● **THE TASK**
Set out exactly every line of the entries below, starting at the line that holds "Portrait of sporty" and stopping after the line that holds "Leere Ladestation für".

Dataset records

****

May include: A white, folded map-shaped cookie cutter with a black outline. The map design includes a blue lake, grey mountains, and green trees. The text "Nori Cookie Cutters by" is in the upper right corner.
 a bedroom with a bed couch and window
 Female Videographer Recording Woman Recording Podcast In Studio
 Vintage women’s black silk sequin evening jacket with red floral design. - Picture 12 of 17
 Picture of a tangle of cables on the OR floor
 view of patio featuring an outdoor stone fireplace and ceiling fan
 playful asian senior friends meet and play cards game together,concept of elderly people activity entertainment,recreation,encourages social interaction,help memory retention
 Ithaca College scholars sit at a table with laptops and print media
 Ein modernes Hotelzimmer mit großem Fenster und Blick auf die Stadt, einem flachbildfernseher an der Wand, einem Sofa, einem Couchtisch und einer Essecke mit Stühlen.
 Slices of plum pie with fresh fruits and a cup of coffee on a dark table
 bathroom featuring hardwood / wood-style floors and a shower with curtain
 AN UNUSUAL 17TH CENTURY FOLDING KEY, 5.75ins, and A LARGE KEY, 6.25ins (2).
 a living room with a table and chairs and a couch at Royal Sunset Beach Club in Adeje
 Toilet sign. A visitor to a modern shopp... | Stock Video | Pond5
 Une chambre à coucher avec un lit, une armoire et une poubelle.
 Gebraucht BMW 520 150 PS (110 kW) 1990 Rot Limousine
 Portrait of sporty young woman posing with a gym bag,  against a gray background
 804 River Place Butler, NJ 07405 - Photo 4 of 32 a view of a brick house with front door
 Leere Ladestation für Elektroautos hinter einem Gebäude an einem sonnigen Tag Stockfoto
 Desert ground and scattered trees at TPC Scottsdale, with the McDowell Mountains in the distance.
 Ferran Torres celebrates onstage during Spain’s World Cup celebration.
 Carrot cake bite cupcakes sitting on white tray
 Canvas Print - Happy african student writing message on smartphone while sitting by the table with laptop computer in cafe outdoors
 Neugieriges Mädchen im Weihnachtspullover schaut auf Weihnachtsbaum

****

● **EXPECTED OUTPUT**
 Portrait of sporty young woman posing with a gym bag,  against a gray background
 804 River Place Butler, NJ 07405 - Photo 4 of 32 a view of a brick house with front door
 Leere Ladestation für Elektroautos hinter einem Gebäude an einem sonnigen Tag Stockfoto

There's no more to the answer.